Cache and SSL in Chrome on Ubuntu Linux

I had a hard time testing if cache headers I've added to static files are working. Firefox was working as supposed, while Chrome wasn't.

Here is the Nginx configuration I was testing:

    # static files
    location ~ ^/(***)?$ {
        root ***;
        try_files $uri /;
        add_header Cache-Control "max-age=3600";
        gzip on;
        #etag on;
        access_log off;
    }

I was trying different combinations to find out why sometimes the files where taken from cache (looking to developer's console in Chrome) and why other times Chrome was always making requests with response 200.
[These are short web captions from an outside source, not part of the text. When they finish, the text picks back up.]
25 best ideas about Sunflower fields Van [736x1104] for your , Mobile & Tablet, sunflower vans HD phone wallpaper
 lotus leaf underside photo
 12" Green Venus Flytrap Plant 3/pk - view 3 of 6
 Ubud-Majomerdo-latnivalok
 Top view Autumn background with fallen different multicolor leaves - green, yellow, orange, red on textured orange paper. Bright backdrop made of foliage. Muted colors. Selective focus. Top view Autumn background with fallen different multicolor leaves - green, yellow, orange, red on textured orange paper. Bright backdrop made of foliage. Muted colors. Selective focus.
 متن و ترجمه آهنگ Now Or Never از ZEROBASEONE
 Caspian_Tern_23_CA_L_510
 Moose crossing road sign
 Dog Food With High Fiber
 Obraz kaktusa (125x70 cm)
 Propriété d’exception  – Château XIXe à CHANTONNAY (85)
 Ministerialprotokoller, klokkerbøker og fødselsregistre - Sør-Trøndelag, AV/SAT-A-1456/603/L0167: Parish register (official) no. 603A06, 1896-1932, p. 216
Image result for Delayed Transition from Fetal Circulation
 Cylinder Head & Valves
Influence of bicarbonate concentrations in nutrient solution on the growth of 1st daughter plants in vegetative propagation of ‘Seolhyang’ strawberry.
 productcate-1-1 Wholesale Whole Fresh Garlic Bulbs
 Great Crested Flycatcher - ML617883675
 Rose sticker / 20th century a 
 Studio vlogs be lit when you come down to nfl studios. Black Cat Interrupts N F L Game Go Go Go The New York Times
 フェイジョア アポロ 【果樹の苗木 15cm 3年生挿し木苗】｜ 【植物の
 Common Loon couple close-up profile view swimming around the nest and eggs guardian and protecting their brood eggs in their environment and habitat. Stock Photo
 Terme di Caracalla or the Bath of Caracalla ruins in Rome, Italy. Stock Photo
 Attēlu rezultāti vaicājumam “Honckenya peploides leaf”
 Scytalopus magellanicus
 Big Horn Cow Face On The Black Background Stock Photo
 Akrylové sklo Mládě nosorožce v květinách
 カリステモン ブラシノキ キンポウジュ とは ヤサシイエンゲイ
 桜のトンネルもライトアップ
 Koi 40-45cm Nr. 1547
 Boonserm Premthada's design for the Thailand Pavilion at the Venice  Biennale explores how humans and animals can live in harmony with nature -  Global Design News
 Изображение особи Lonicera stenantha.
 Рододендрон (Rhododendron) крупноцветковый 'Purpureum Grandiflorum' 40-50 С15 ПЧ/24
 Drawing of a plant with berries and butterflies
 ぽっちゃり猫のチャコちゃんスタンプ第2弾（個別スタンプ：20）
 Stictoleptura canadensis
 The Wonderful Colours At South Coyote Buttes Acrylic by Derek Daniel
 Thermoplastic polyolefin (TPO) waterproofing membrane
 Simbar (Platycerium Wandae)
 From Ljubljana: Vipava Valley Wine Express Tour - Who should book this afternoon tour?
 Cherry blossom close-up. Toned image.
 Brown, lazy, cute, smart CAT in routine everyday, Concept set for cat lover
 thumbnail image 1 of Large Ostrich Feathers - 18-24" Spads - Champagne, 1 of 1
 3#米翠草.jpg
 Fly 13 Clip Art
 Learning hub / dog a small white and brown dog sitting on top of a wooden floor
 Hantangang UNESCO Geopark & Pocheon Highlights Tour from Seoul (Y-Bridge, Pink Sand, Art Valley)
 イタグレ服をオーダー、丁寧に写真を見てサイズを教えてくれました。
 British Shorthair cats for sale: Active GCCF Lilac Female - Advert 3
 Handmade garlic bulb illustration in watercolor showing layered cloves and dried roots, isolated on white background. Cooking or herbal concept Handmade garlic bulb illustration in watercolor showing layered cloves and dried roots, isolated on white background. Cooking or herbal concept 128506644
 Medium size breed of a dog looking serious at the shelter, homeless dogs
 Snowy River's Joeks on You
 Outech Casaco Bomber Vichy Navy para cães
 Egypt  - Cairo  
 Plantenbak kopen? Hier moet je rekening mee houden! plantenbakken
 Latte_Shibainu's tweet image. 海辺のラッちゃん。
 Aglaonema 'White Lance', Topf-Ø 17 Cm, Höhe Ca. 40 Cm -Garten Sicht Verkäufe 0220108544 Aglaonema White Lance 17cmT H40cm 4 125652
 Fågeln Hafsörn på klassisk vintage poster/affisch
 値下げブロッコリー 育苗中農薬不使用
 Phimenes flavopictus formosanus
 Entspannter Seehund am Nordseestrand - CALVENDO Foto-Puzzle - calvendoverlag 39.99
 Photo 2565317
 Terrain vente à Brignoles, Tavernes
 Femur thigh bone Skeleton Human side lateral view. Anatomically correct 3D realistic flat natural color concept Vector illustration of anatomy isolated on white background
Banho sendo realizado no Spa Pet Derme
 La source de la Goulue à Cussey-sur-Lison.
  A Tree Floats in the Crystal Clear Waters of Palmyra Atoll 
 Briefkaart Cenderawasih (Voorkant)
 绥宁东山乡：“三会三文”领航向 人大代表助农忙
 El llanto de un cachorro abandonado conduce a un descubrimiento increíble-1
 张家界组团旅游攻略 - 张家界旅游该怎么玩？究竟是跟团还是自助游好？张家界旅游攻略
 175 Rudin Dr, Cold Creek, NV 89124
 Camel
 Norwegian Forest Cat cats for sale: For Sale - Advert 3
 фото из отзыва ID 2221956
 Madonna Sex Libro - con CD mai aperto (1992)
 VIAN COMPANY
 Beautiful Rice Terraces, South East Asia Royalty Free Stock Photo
My tests showed that my Chrome was using cache if both Cache-Control and ETag headers where present. The problem is that if `etag on` directive is enabled together with `gzip on`, etags are not generated: https://trac.nginx.org/nginx/ticket/377

When I disable gzip and enable etag, cache works ok.

But my colleagues say that in their browsers, including Chrome on OSX cache works as expected.

It turned out that the server I was testing on had a self signed certificate, and Chrome has issues with caching in such cases: https://code.google.com/p/chromium/issues/detail?id=110649

I tried to export the certificate and import it back as a trusted certificate, but it didn't work. They say:

Google Chrome in Linux doesn’t have a SSL certificate manager, it relies on the NSS Shared DB.


Now cache works as expected in my Chrome on Ubuntu Linux.